Pressionado pela imprensa e pelo Congresso, o governo dos EUA estudou a possibilidade de punir, em outubro de 1965, o regime militar brasileiro, suspendendo a ajuda econômica. Essa ajuda era vital à recuperação do país.
Uma visão histórica recorrente é a de que os EUA não apenas articularam o golpe militar, mas apoiaram seu endurecimento já nos primeiros momentos. Motivo: destruir a esquerda.
``Havia muita irritação com o retrocesso político e a crescente influência da linha dura. A punição seria uma alternativa para dar uma lição aos demais governos da América Latina", disse ontem à Folha o então embaixador americano no Brasil, Lincoln Gordon.
Os EUA vinham apoiando o Brasil em áreas críticas, que iam de novos acordos do café e açúcar, passando por empréstimos diretos, reescalonamento da dívida, até a abertura de portas em entidades como Fundo Monetário Internacional e Banco Mundial.
A alternativa da punição foi tratada em documento enviado por Gordon, em novembro de 1965, ao conselho de segurança da Casa Branca, onde se via com preocupação o Ato Institucional 2, baixado em outubro pelo então presidente Castello Branco.
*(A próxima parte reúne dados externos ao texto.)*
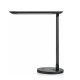 lampa_grafiou_led_me_5_litourgies_fotismou_12_w_xromatos_mavro_taotronics_tt_dl13_black_1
``O jornal ``The New York Times" vinha batendo duro nos desvios do regime militar, o que se somava à crescente irritação dos democratas no Congresso", disse Gordon. O governo americano buscava alternativas diante da crise provocada pelo avanço da linha dura na política brasileira.
Os radicais estavam por trás do AI-2 que, entre outras coisas, extinguiu os partidos, tornou indireta a eleição de presidente e tirou poderes do Congresso e Judiciário
Os relatórios da CIA (Agência Central de Inteligência) já sinalizavam com a possibilidade de o regime militar descambar para uma ditadura. Essa guinada, imaginava, seria capaz de produzir uma guerra civil.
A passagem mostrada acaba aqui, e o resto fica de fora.